→ EXERCISE OBJECTIVE
Given the records below, the lines starting at the line with "Dymo Indicia gives" and ending at the line with "MAXX goes row" should be output exactly, both end lines kept and pictures left out.

→ INPUT RECORDS
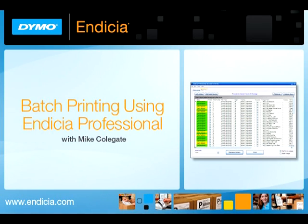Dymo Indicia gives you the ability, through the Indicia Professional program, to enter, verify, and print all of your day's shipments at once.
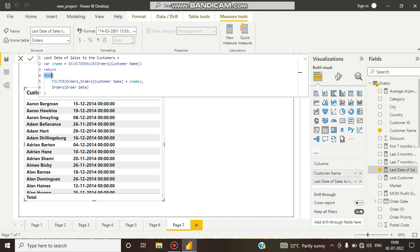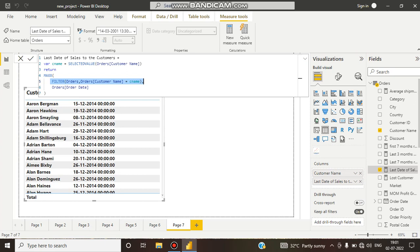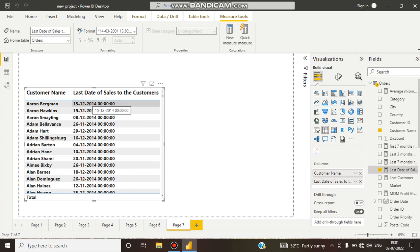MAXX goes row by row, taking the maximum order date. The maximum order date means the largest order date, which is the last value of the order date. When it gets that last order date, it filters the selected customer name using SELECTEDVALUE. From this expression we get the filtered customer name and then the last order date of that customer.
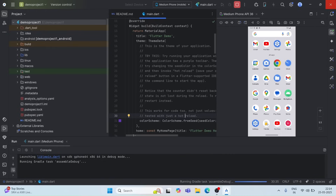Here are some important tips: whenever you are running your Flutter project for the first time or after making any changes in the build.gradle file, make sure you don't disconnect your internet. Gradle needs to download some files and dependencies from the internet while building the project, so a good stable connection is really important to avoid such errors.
--
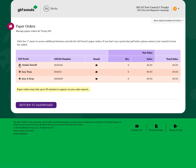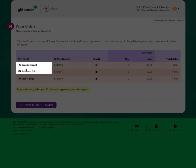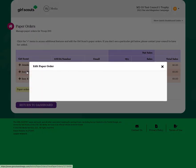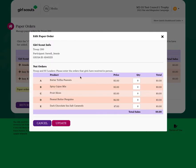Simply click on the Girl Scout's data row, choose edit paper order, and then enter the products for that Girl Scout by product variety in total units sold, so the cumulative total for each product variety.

→ SOLUTION TO THE PROBLEM
Dymo Indicia gives you the ability, through the Indicia Professional program, to enter, verify, and print all of your day's shipments at once.
MAXX goes row by row, taking the maximum order date. The maximum order date means the largest order date, which is the last value of the order date. When it gets that last order date, it filters the selected customer name using SELECTEDVALUE. From this expression we get the filtered customer name and then the last order date of that customer.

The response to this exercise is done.